I wrote another novel.  It took me almost ten years, off and on, to finish it, but it felt good to be chipping away at a new thing, to be doing the thing I really wanted to do, that is, write, instead of floundering around in the cesspool of the agent search for a novel that was already a decade old.  And then, again, I found myself in the same situation.  Time to find an agent.  I tried a few of the agents who were most positive about my previous novel.  And again, I received specific, positive, sometimes glowing comments about my book with a big BUT at the end.  I decided to stop torturing myself.

You know, I just (mostly) want to share my writing with humans.  If I could make a living, or supplement my living as a teacher, with my writing, that would be fan-flipping-tastic.  But ultimately, it’s not about a big advance or book tours or a spot on Oprah’s list.  I just want to be able to say to a friend who might be interested in my creative work, yeah, here’s a thing I made and I’d be honored if you would read it.  Or, when speaking to strangers or new acquaintances who ask me what I do, I can say, of course, I’m a teacher, and a musician, and a father, but I can also say, hey, I’m a writer, and I’ve got a book or two and you can buy these things and take them home or put them on your kindle or your iPad.  There you go.
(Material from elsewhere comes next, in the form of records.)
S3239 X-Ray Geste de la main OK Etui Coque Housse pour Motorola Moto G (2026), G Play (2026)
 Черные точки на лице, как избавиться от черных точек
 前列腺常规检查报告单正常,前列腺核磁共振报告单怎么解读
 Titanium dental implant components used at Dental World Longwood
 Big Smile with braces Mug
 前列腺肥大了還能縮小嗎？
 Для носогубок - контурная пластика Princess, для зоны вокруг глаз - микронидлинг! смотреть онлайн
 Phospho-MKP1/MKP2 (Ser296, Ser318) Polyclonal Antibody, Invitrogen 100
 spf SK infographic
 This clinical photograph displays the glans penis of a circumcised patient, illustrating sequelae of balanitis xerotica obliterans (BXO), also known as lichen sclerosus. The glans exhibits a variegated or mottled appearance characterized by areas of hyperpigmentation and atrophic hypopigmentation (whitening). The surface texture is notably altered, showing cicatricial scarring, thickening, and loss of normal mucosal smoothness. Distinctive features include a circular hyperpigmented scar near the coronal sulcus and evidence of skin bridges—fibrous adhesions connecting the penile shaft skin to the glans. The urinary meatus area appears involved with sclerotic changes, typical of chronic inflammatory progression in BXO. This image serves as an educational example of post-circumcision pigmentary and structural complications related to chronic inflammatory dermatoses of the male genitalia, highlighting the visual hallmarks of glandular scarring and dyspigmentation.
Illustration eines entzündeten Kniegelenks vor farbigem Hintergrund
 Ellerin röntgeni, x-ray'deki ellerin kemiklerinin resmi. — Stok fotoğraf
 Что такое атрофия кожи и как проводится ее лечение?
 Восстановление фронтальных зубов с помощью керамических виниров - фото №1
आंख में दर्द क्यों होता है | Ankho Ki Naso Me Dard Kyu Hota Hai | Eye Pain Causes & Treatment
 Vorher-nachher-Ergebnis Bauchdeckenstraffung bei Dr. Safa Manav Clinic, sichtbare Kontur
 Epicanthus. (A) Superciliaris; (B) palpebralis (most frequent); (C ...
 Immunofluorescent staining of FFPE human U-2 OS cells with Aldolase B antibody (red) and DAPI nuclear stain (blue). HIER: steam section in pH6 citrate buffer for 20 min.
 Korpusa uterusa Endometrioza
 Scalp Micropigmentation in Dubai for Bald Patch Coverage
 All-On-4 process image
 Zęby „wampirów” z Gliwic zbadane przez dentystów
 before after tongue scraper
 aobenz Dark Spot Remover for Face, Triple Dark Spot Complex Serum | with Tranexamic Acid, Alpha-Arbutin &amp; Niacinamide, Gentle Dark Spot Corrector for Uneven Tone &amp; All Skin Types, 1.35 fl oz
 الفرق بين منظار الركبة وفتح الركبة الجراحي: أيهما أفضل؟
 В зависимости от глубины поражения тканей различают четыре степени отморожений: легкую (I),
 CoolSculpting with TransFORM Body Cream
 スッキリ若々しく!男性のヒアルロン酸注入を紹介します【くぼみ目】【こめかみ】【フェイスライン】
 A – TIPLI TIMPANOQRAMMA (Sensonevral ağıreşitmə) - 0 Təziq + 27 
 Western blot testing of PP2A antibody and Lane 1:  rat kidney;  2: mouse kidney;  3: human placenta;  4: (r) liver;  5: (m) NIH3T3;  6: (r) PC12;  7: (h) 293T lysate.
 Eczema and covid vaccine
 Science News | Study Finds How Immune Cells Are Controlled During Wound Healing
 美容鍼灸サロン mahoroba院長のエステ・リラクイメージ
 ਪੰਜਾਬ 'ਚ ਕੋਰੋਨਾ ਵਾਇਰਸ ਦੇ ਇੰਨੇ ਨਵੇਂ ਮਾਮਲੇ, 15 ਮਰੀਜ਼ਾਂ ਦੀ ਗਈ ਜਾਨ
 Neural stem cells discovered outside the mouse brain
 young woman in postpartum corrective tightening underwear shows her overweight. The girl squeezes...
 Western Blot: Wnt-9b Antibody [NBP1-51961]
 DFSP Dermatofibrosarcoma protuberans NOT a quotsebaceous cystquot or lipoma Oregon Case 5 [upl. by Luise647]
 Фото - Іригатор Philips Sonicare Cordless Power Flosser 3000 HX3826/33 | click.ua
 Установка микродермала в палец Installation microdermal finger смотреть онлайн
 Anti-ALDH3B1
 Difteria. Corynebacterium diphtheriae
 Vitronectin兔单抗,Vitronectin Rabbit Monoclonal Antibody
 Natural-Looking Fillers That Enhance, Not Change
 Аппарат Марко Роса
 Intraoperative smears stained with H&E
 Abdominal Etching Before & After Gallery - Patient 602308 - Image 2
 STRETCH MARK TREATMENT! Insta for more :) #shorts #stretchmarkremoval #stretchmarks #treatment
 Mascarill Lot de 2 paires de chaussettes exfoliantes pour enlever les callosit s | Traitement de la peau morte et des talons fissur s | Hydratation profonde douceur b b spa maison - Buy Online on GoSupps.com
There has been, until recently I think, a kind of hairy eyeball directed at self-publishing by the literary community.  Somehow, putting yourself out there is vain, and your stuff, because it hasn’t been vetted by the literary machine in some way, is probably not very good.  But technology, the internet, has transformed that belief, I think, and given the conventional path to publishing quality work a run for its money. And technology notwithstanding, there’s an impressive historical tradition of great writers self-publishing: Virginia Woolf, Walt Whitman off the top of my head.  So I’d be in pretty good company.  And, duh, haven’t musicians been doing this all along, since forever ago?  Haven’t I, as a musician, been doing this all along, since forever ago? Yes and yes.

So my Christmas present to myself is the permission to fulfill this dream, agents and publishing houses be damned, and my new year’s resolution is to publish a novel.  I’m tired of the agony part of being a writer.  After the pleasure but sometimes excruciatingly hard work of writing two novels over a 20 year period, I think its time to share a little bit of that with the world.